▶ [WHAT IS BEING ASKED]: Without pictures, output exactly the lines running from the line containing "2016 Bmw X5" to the end of the listing below.

▶ [RECORD EXTRACTS]:
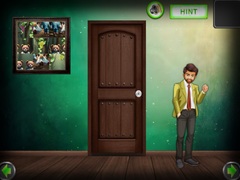 Lalao Amgel Easy Room Escape 245
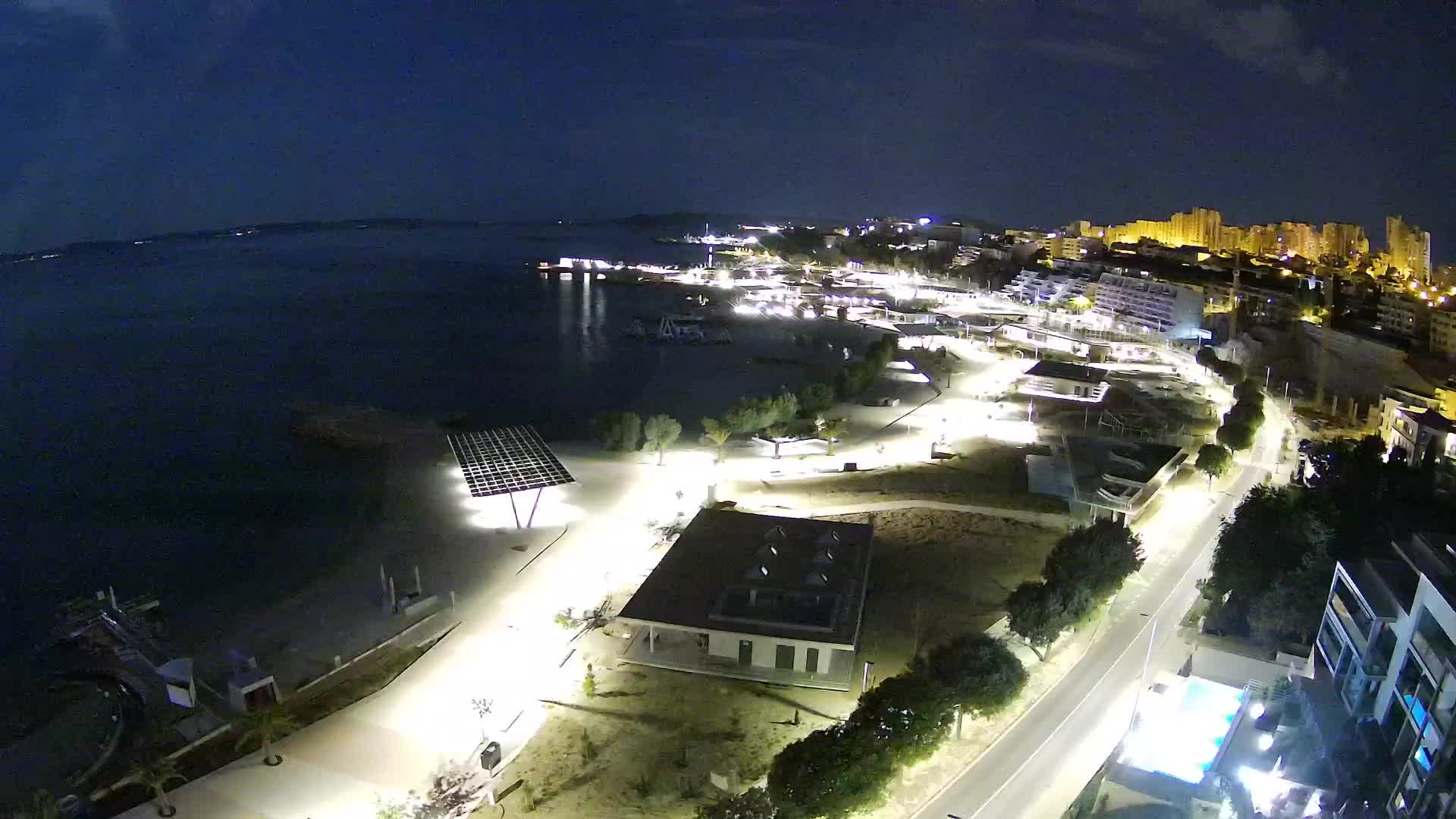 Split – Znjanski Plateau Renovation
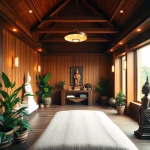Kingphet Thai Massage & Spa In Kiel – Traditionelle Thai massage in Kiel
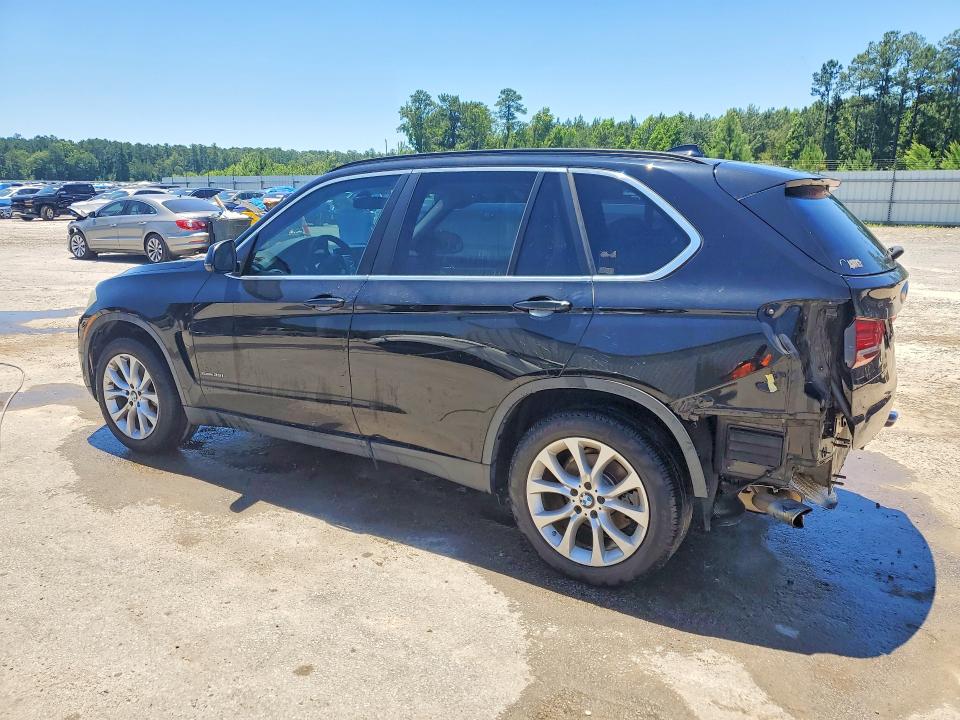 2016 Bmw X5 მანქანა იყიდება აუქციონზე, vin: 5UXKR2C56G0R71692, აუქციონის ნომერი: 56003086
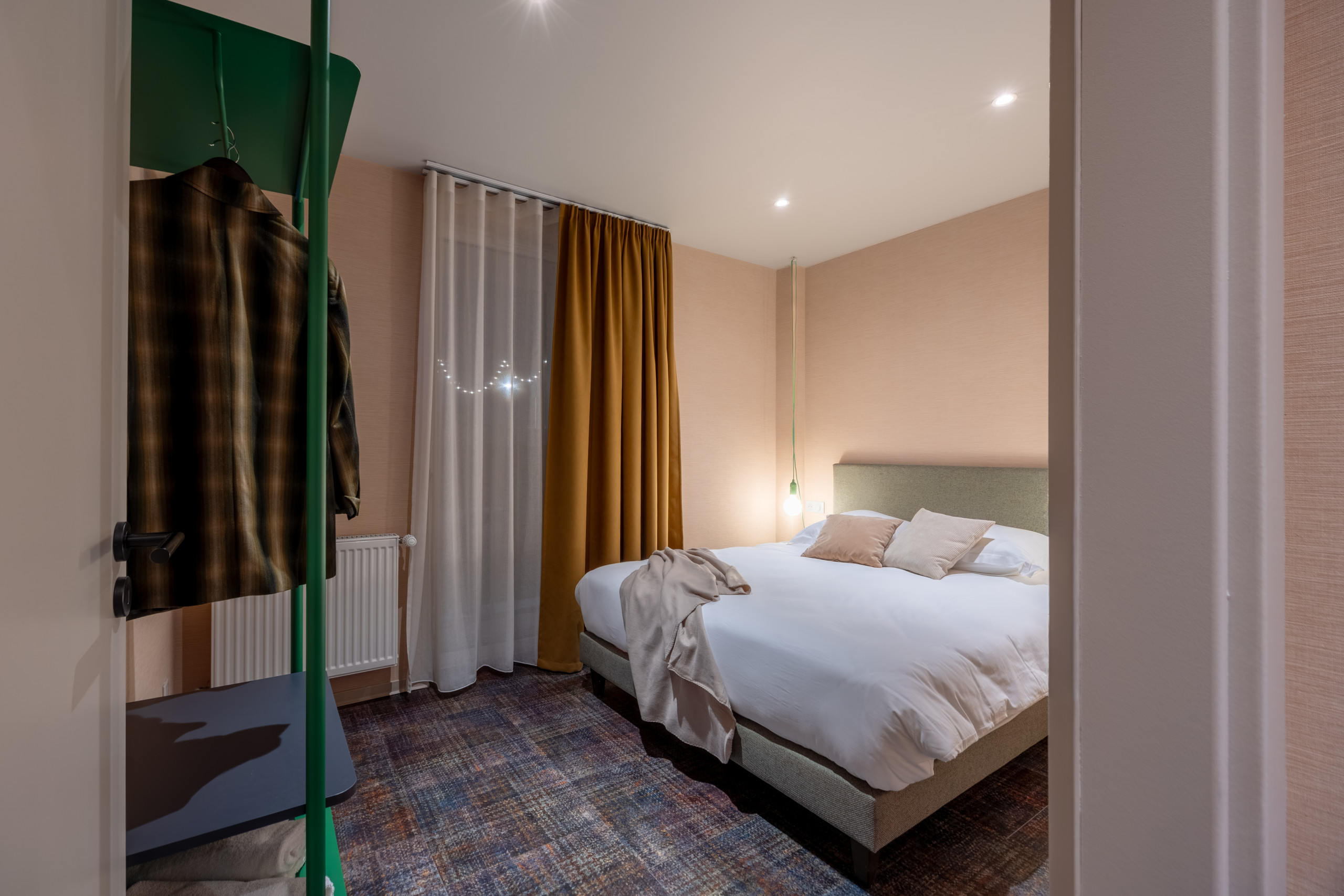  à Colmar - Appartement Numéro 1 (2 chambres)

▶ [WRITTEN REPLY]:
 2016 Bmw X5 მანქანა იყიდება აუქციონზე, vin: 5UXKR2C56G0R71692, აუქციონის ნომერი: 56003086
  à Colmar - Appartement Numéro 1 (2 chambres)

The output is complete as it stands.